Anonymous 0 Comments

Because the driver regularly has to do things that require being close to the side. A drive-thru is probably the best example of this.

Anonymous 0 Comments

Multiple reasons.

Better visibility of oncoming traffic

Better passenger capacity

Allows placement of the transmission between footwells

Allows window access for the driver

Anonymous 0 Comments

Single-person racing cars like formula one and dragsters have the seat positioned in the middle. But for consumer cars it would entirely prevent having another passenger seat in front.

For real-world driving there’s also more benefit to being positioned closest to the middle of the road, not the middle of the lane because it gives you a better view of oncoming traffic. That’s why if you drive on the right side of the road, the driver’s seat is on the left and vice-versa.

Anonymous 0 Comments

The Fiat Multipla had three seats across the front so if they were so inclined they could have popped the driver in the middle!

Anonymous 0 Comments

Because driving on a public road is different than driving an obstacle course.
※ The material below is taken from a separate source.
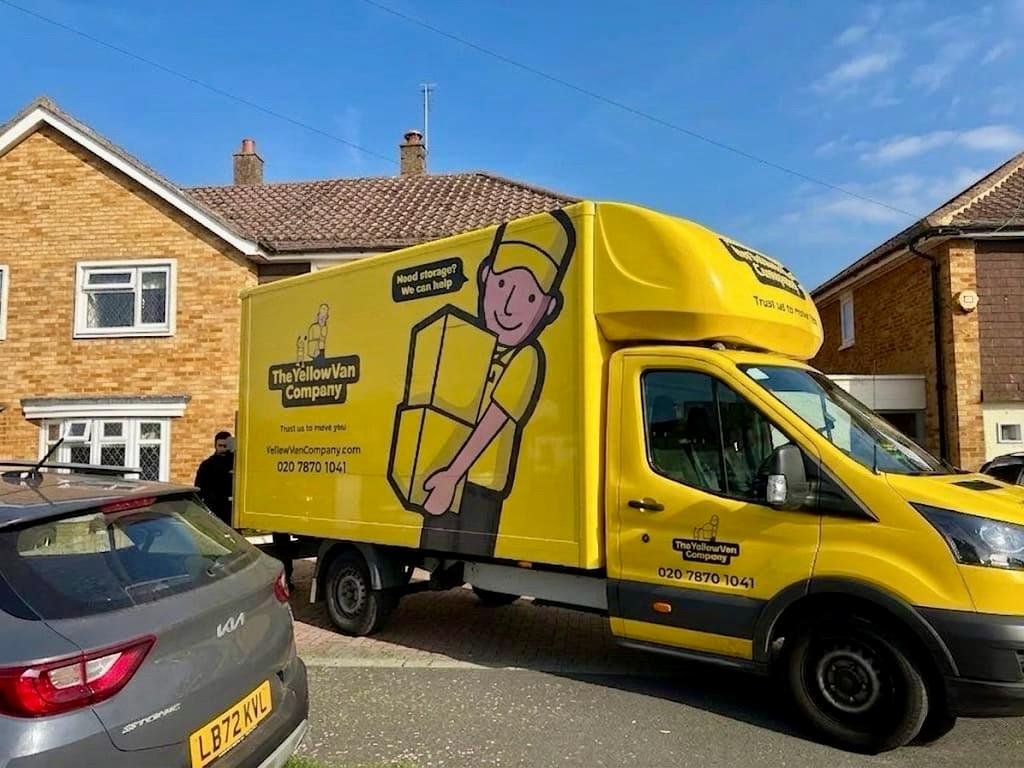 Yellow Van Company branded removals van loading furniture and boxes during a London house move &mdash; careful, professional household removals across the capital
The main benefit of sitting in the middle (in axis) is that both sides of the vehicle are equally far from you, and you see them equally well. Or, in the case that we just took a regular car and stucked the driver in the middle, equally badly.

Something like this would be beneficial if you wanted to perform acrobatic maneuvers or drive through hoops at high speed or something, because your brain wouldn’t have to compensate for you sitting to the side to evaluate the distances and angles. But you don’t need to do that, do you? What you do need, is to to see the road ahead of you well. That’s why drivers are seated towards the middle of the road (there’s no more road on the other side).

Also, if we put the driver in the middle, it would be harder to fit another seat there. Which isn’t a big deal for an F1 car, but it is a big deal for normal consumer cars.

Anonymous 0 Comments

Road legal compliance mostly.

The ultimate road car has the driver seat in the center tho

https://en.m.wikipedia.org/wiki/McLaren_F1

Anonymous 0 Comments

There are a bunch of reasons…

– It creates more blind spots for a driver, with the A-pillars (metal on either side of windshield) blocking more of their field of view at all times.

– Makes it harder to see over edge of fenders, makes it harder to gauge proximity to oncoming traffic

– Limits capacity inside, with no seat for passenger riding shotgun up front

– Harder to get in/out

– Makes it impossible to use drive-through at restaurants, bank ATM’s, toll booths, etc.

Anonymous 0 Comments

Early vehicles were modelled after carriages. Horse drawn carts and carriages are what settled the country where industrial automobile manufacturing first took off. And back in those days, you had a bench at the front of the cart that you sat on to navigate and direct the horses. You could sit anywhere on the bench you wanted because there was no mechanical interface forcing you into one spot. Consequently, people got used to having someone ride beside them on the bench while they directed the horses from a non-central position. Whether it was your spouse beside you and your kids in the middle (to keep them from bouncing out) or someone taking up a security role (aka “riding shotgun”), the driver on one side and a passenger on the other was already the standard. It just so happened that dividing the passenger compartment down the middle line simplifies positioning of the power train.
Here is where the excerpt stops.